This is the mail archive of the
mailing list for the GCC project.
Re: A sick idea - mmapped file output
- To: zackw at Stanford dot EDU (Zack Weinberg)
- Subject: Re: A sick idea - mmapped file output
- From: Bourne-again Superuser <toor at dyson dot jdyson dot com>
- Date: Tue, 7 Nov 2000 20:30:41 -0500 (EST)
- Cc: gcc at gcc dot gnu dot org
Zack Weinberg said:
> What I found was that the total system and wall-clock time charged to
> the process scaled linearly with file size when read was used, and was
> constant when mmap was used. (As measured by getrusage - which
> *should* be counting time spent in page faults.) User mode time was
> the same either way. For small files, read was faster than mmap, but
> when the file got above four pages or so, mmap was faster. The gain
> was substantial for very large files. This is why we have
> MMAP_THRESHOLD in cppfiles.c.
> I'd be interested to know the details of your testing, and how it
> compares with your results.
Alot of my info is long-gone or stashed in long-unused directory trees (I
haven't significantly played with VM code in 2 or 3 yrs now.) The tradeoffs
are sensitive to the VM environment, and (as you probably/obviously know)

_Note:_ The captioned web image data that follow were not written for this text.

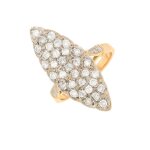 Bague marquise diamants 0. 82 carat 2 ors 6. 71g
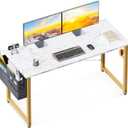 ODK Computer Desk Large Office Desk, 48 Inch Writing Desk with Storage, Modern PC Desk Work Table with Headphone Hook for Home Office, White Marble + Gold Leg
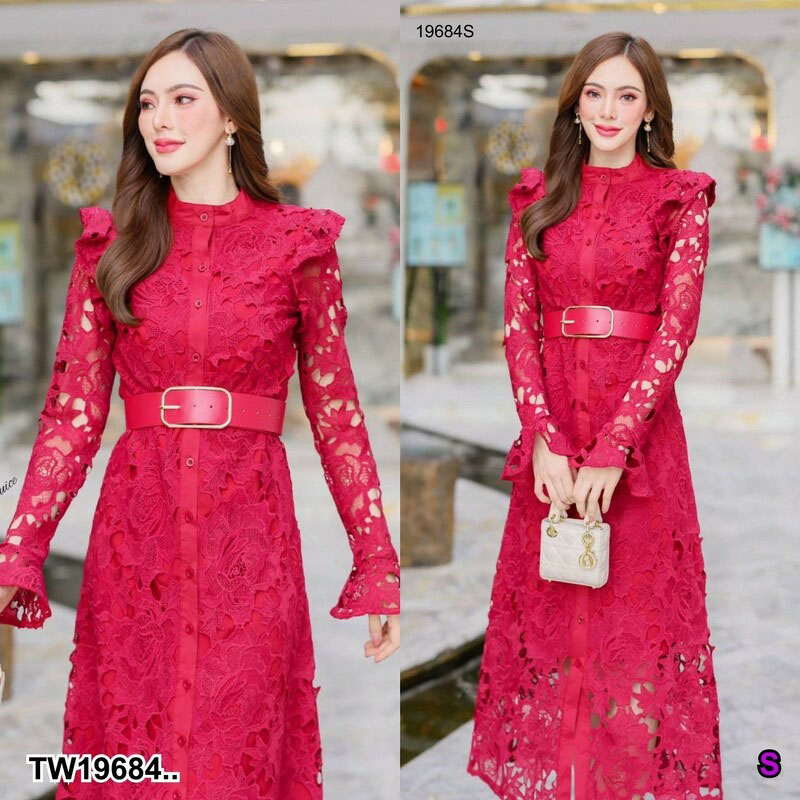 kudapy Maxi เดรสยาวสีขาว/สีดำ/สีแดง ผ้าลูกไม้ พร้อมเข็มขัด ใส่แล้วไม่ร้อน โทนสีใส่ง่าย ดีไซน์สวย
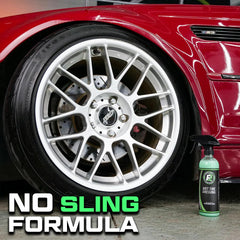 ExoForma Wet Tire Dressing Spray includes UV protection for tire color.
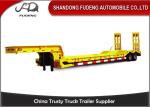 Double axles low bed truck semi-trailer low flatbed trailer spring suspension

general rules across diverse platforms are not going to be easy to
Perhaps an easy to evaluate test, might be to find the crossover on
FreeBSD and Linux (AND NO, THIS ISN"T a LINUX vs. FreeBSD issue!!!) The
information collected would be for demonstrating (or determining) the
break-even point. If I get in the mood to do an investigation (I have
been playing with multimedia software issues in the last year or so),
it shouldn't be too awful hard for me to create a simple benchmark (given
the context from my previous stuff -- code and notes mostly scattered
amongst lots of disk drives :-).) The issue about these 'simple' benchmarks is that
there are often so many variables (not only the obvious cache issues and
the differences in handling mmap vs. VFS-type I/O, but also the amount of
concurrency) that the actual 'advantage' is hard to determine.
This election thing tonight is irritating, and if I can pull myself
away from my current obscession (the signal processing stuff), I
might take a look. It is still worrisome to develop a piece of
software to evaluate a performance measure, and then not take all
of the real-world situation into account... Pronouncements of more
or less total performance are often hard to truly verify, unless the
differences are substantial.
IMO, the actual amount of advantage is usually so small in the non-trivial
cases, that it is more a matter of style and the interest of the developer
and not 'performance' that is the reason for such a choice. It'd sure be
good if mmap was more commonly used, not because it is intrinsically better,
but because it would simply be more used, and the prejudice for and against
mmap-type I/O would be less of an issue. Mmap certainly provides a different
view of on-disk files than what read/write does -- and as we learn how to use
it 'better', it might become an even better tool.